Call the Midwife is back for a sixth season Sundays at 7 p.m., through May 21. Read the Vanderbilt University School of Nursing guest blog each Monday morning for historical and contemporary context about the previous night’s episode. SPOILER ALERT: Some posts may contain spoilers.
By Bethany Domzal Sanders
Vanderbilt University School of Nursing
This week’s Call the Midwife episode included the threat of nuclear war, electroshock therapy and female genital mutilation. It was enough to make me reach for the drink dentist Christopher (Jack Hawkins) offered to Trixie (Helen George) near the end of the episode. All joking aside, the issues raised in this episode remain pertinent and serious, particularly that of female genital mutilation.
This practice may also be referred to as cutting or circumcision and, as noted in the episode, it has been around for centuries. Practitioners of FGM often believe this will prepare the girl, typically between the ages of infancy and 15 years old, for adulthood and marriage; ensure premarital virginity; increase marriageability; and uphold tradition. FGM is also thought by some to be necessary for cleanliness, modesty and femininity.
There are currently approximately 200 million women and girls who have been cut, in 30 countries. FGM is most common in parts of Africa and in some areas in the Middle East and Asia. Immigrants from parts of the world where FGM is performed have carried the practice to other countries. There is no religious doctrine that supports FGM, although religious leaders within a community may promote it.

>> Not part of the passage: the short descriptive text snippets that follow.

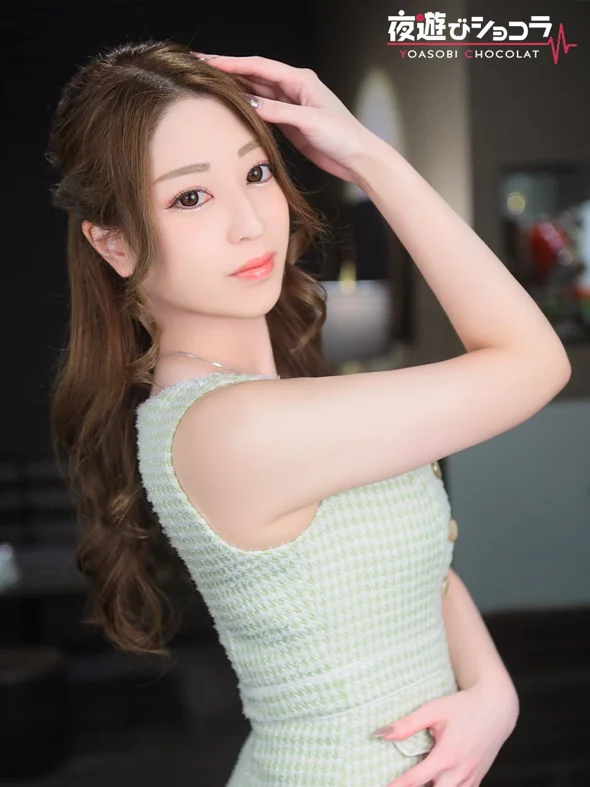 かなさん【都町の高級キャバクラ『CLUB VINGT‐QUATRE（ヴァンキャトル）』】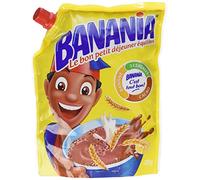 Chocolate francés en polvo Banania-chocolat en poudre - 250 gr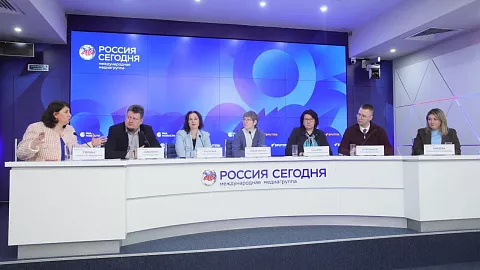 Подведен итог исследования о&nbsp;российских вузах в&nbsp;медиапространстве: БФУ в&nbsp;ТОПе 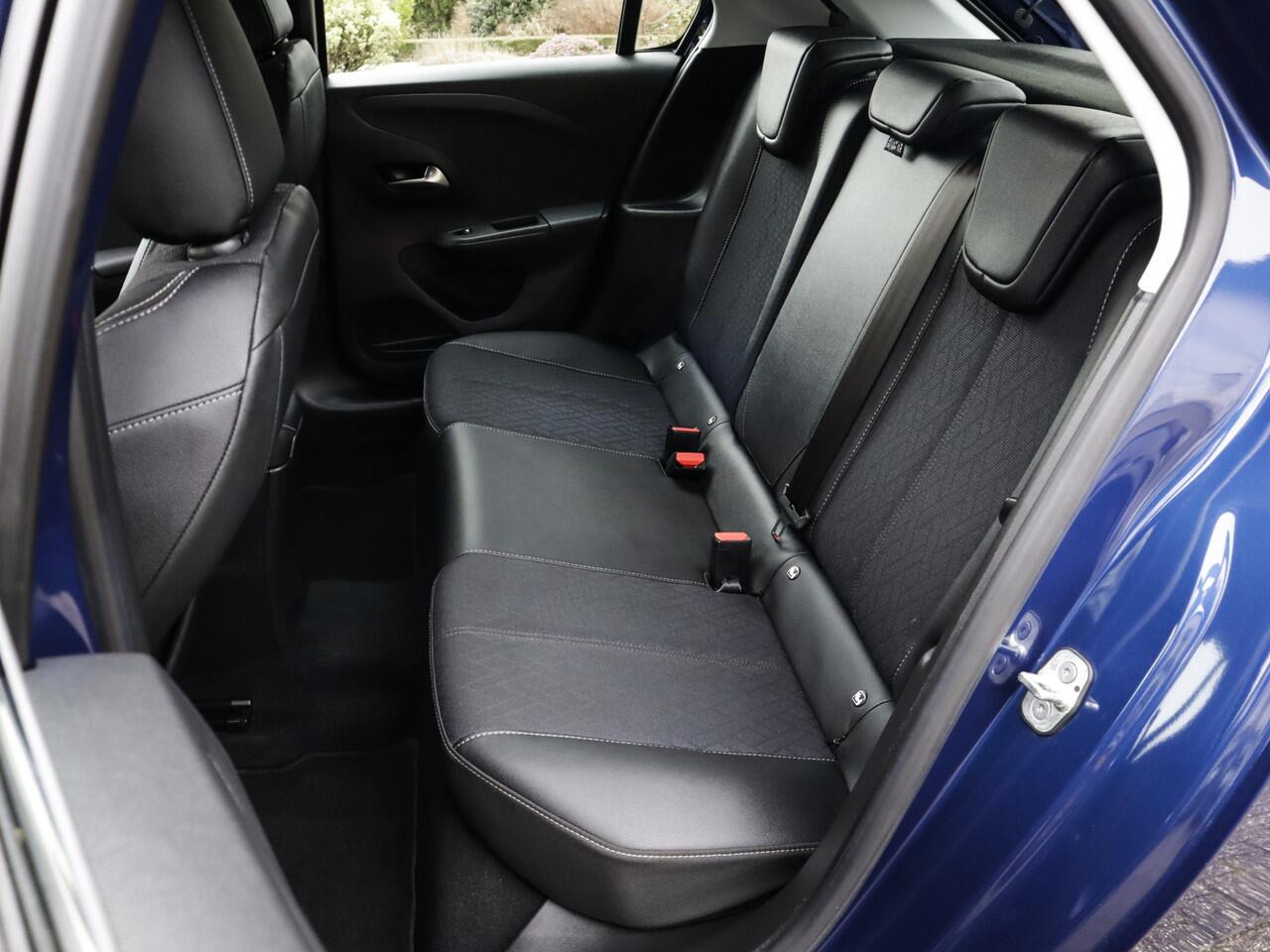 Opel CORSA 1.2 Elegance 1e Eig. & Dealer-Onderh. BOVAG-Garantie. NL-Auto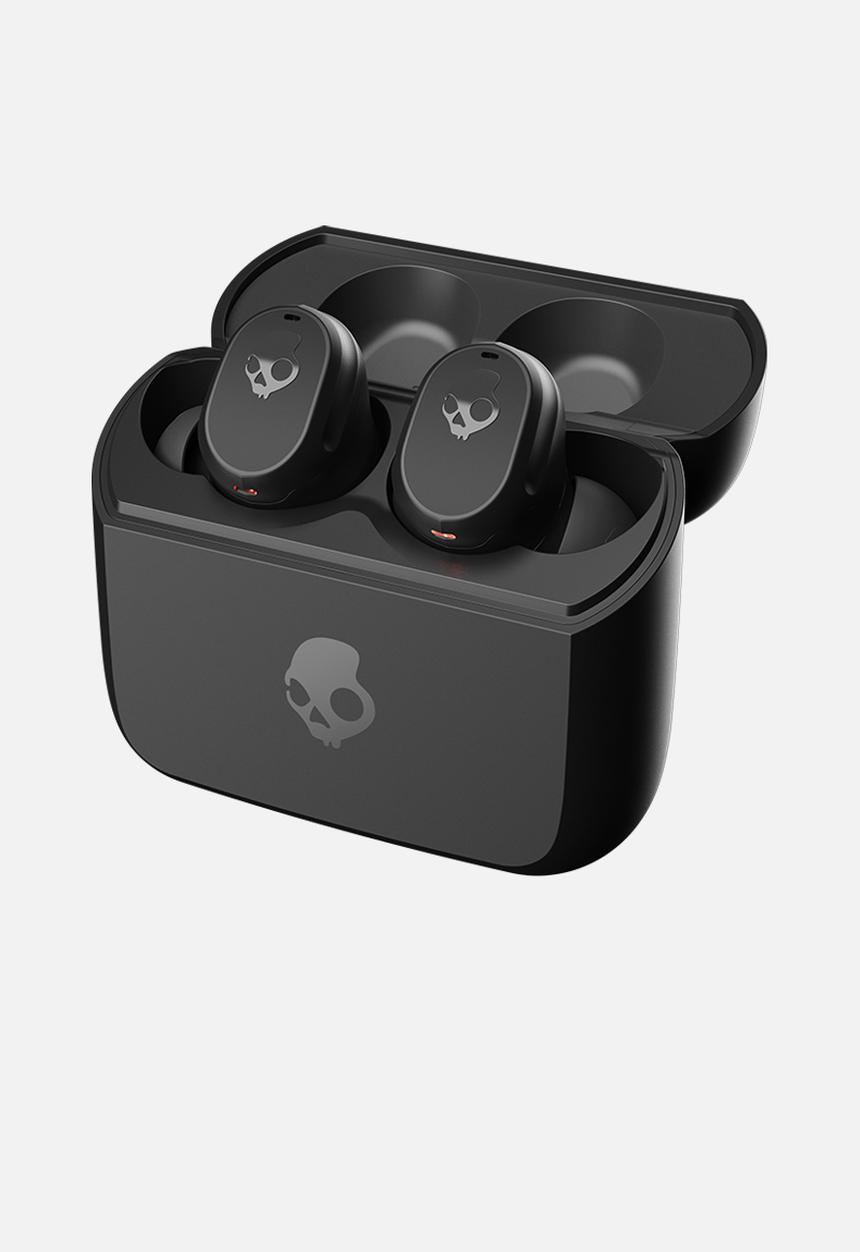 Skullcandy - MOD TRUE WIRELESS IN-EAR - true black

The shock Nurse Valerie Dyer (Jennifer Kirby) experienced upon witnessing the physical and emotional trauma of the mother (Yusra Warsama) in this episode is understandable, as well as her confusion about the mother’s willingness to subject her sister to the same procedure. FGM can be deeply culturally rooted, and the elimination of it depends more upon the decision of the community itself than legal ramifications. A number of international organizations continue to work to raise awareness, support women who have been subjected to FGM and provide evidence-based guidelines to healthcare providers caring for affected women.
I wanted so badly to reach out and grab the children’s anatomy book Nurse Barbara Gilbert (Charlotte Ritchie) was carrying, open it up and teach the mother about her own body so she might be empowered and understand why FGM was not necessary for any medical reason, and in fact poses a very real risk to women’s health.
Since 1997, the World Health Organization has called for an end to FGM, recognizing it as a violation of human rights. The United Nations has also adopted a resolution to eliminate the practice. As recently as last month, a Michigan grand jury indicted three people (two of whom were doctors) for conducting the practice. While FGM has been illegal in the US since 1996, this was the first indictment handed down.
Bethany Domzal Sanders, MSN, CNM, is a member of the Vanderbilt Nurse-Midwives, the clinical practice of the Vanderbilt University School of Nursing located at West End Women’s Health Center.